• _INFORMATION_:
--- START ---

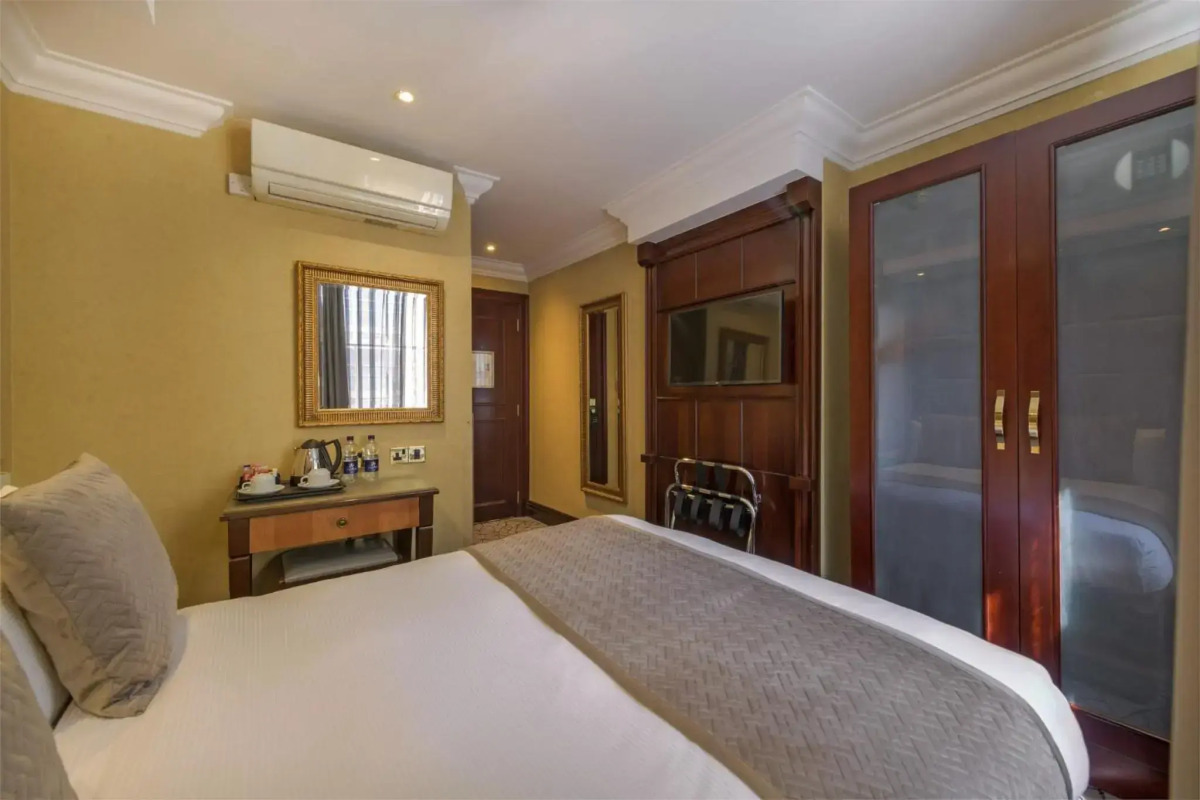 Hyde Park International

--- END ---
--- START ---

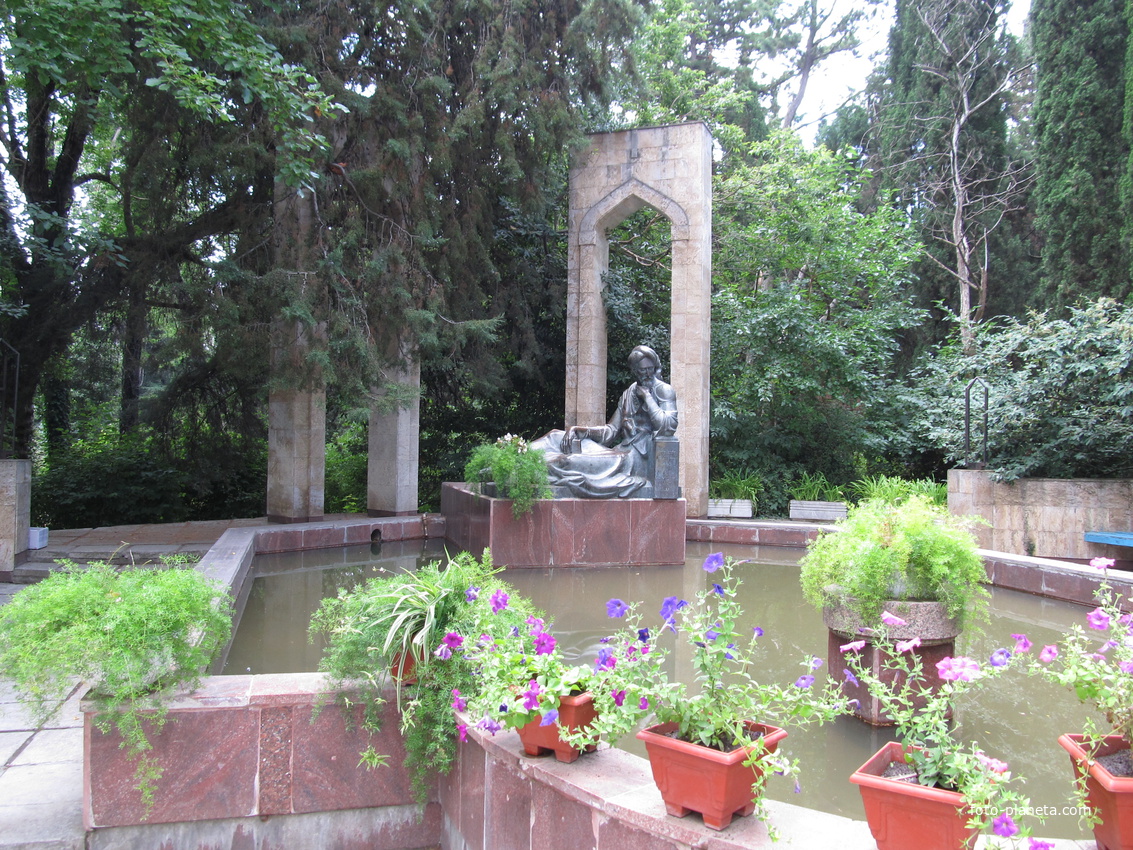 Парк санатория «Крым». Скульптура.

--- END ---
--- START ---

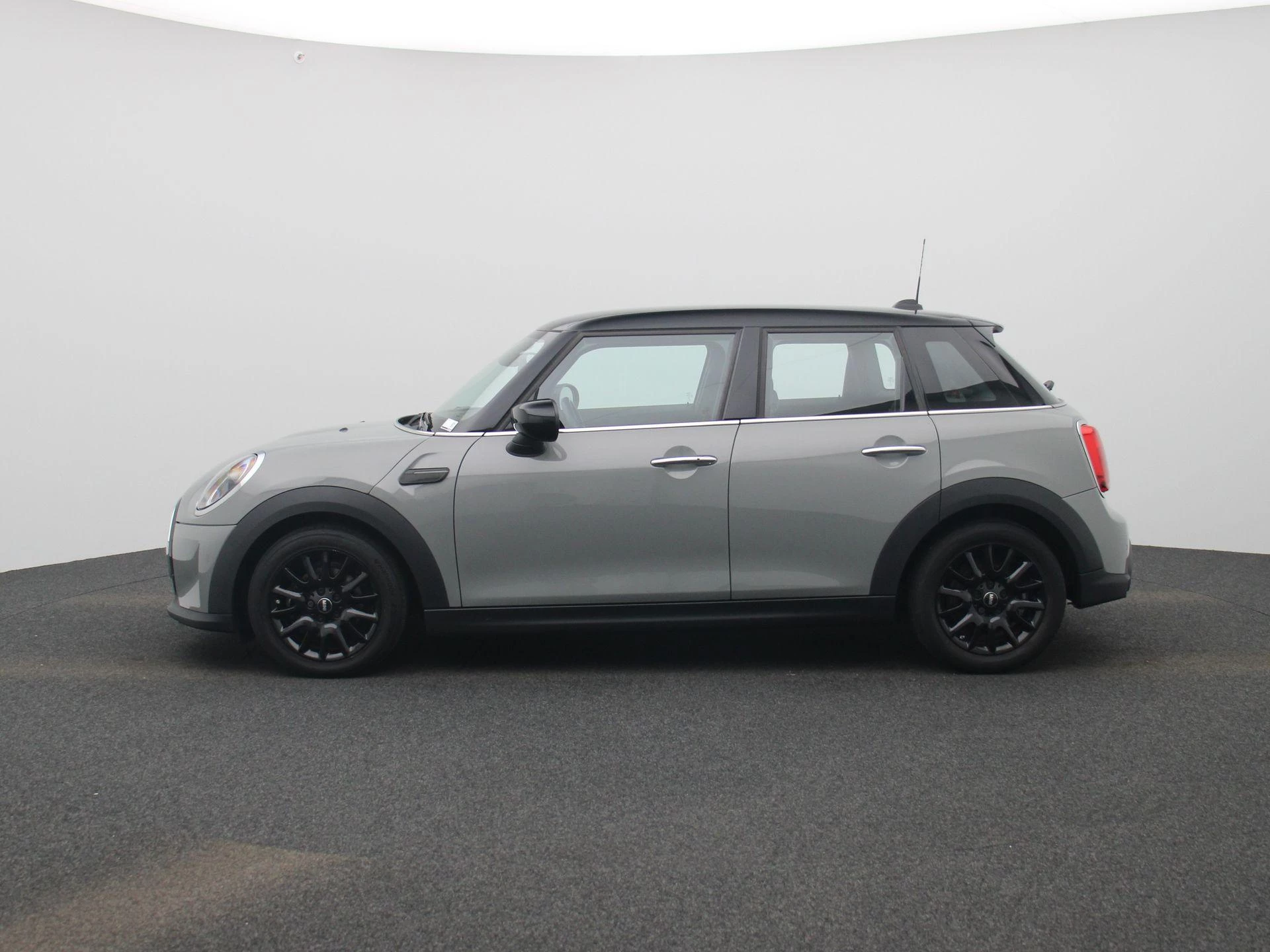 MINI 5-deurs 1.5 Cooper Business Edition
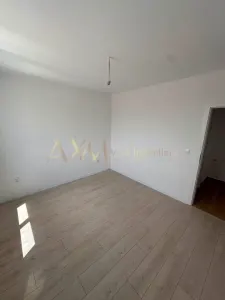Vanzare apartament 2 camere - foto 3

--- END ---

• _PROBLEM REQUIREMENTS_: Only one part of the listing is wanted: the lines from the one containing "MINI 5-deurs 1.5 Cooper Business Edition" through the one containing "Vanzare apartament 2 camere - foto 3", both included. Please transcribe it exactly, leaving out the pictures.

• _WRITTEN ANSWER_:
 MINI 5-deurs 1.5 Cooper Business Edition
Vanzare apartament 2 camere - foto 3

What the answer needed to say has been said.